London trio Is Tropical suffer from what might be called ‘OK Go Syndrome’, whereby a musical act’s video content attracts exponentially more praise than the same act’s audio content. The video in question soundtracked Is Tropical’s 2011 single The Greeks and it is, in fairness, one of the greatest music videos of all time. Directed by innovative French outfit Megaforce, it featured gun-toting children and combined animation and live action like a demonic version of Who Framed Roger Rabbit? To date, it’s received over 3.5 million YouTube views.
While it would be a bit unfair to dismiss completely the importance of The Greeks (the track) to the appeal of The Greeks (the video), it’s fair to say that the song’s rollicking-yet-unmemorable nu-rave racket wouldn’t have gained much, if any, traction without that video.
Accordingly, Dancing Anymore, the lead single from Is Tropical’s second album I’m Leaving, comes accompanied by another Megaforce-directed effort. It’s another eye-catching – though distinctly more NSFW – affair, featuring as it does a teenage boy enacting a series of sex acts with a variety of computer-animated women.
On this occasion, however, Is Tropical’s music seems ill-served – undermined, even – by the video. That’s because Dancing Anymore (the video)’s multiple images of virtual shagging detract from what is a slinky, catchy little number: perhaps Is Tropical’s best composition yet. Featuring cooing female vocals alongside those of regular singer Simon Milner, it’s much less frenetic than the bulk of the material on debut album Native To.
It’s also one of the few tracks on I’m Leaving that doesn’t rely on standard guitar-bass-drums arrangements. Much of the album is really just common-and-garden indie rock studded with electronic embellishments.
Featuring atypically earnest lyrics and a plangent melody alongside some pleasingly wonky axe-work, opener Lover’s Care recalls New Order circa Movement. Lilith trades the Bernard Sumner-isms for some shoegaze-y ambience, fey vocals and even feyer lyrics (“Lilith, don’t give up on living”). Sun Sun and Cry are lighter still, the former evoking the sounds of Britpop and the latter the sounds of, er, Razorlight.

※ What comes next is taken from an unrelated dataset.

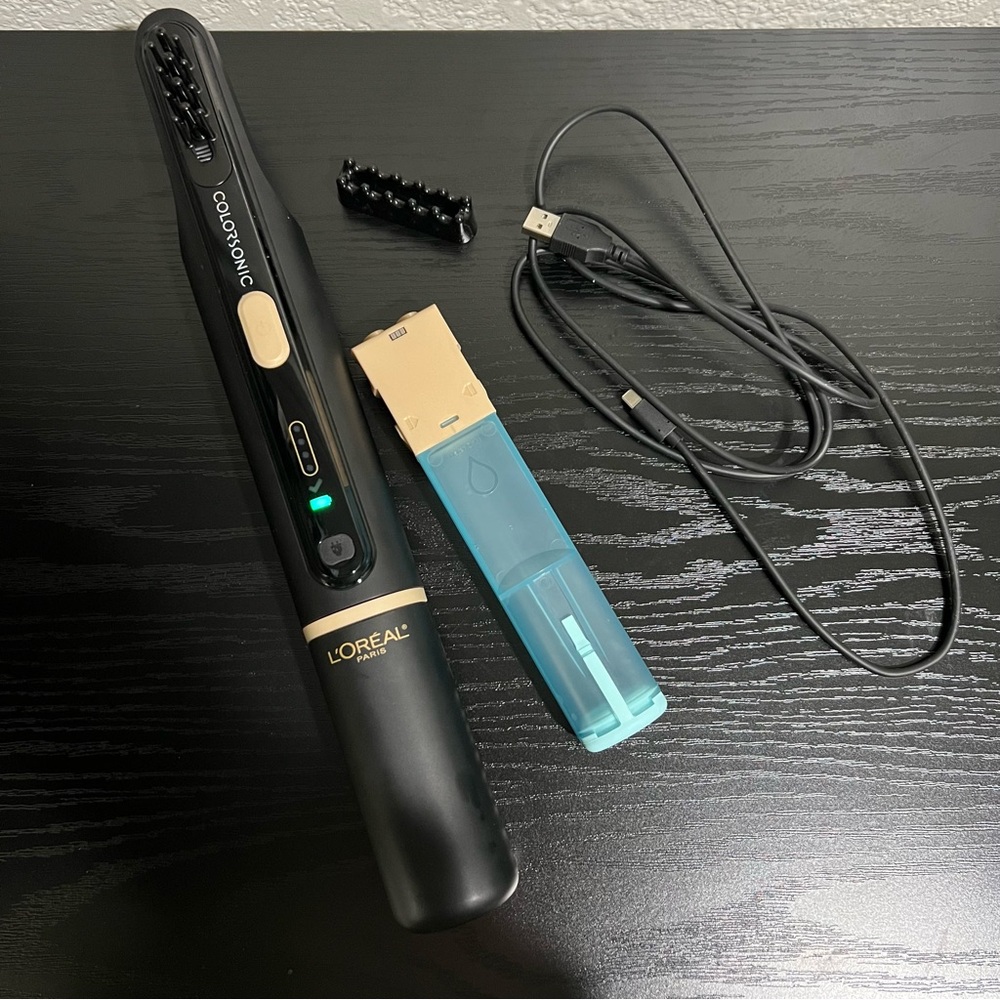 L'Oreal Paris Colorsonic Hair
Color Device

The subtle electronica of Video and the presence of an R&B-indebted slow jam (All Night) show that Is Tropical haven’t entirely take their eyes off the dancefloor. But, on the whole, I’m Leaving is an indie-rock album skewed heavily towards ‘indie’. At its most nondescript, it’s the sound of a band falling between two musical stools. At its best, I’m Leaving is the sound of a band smartly prolonging its sell-by date.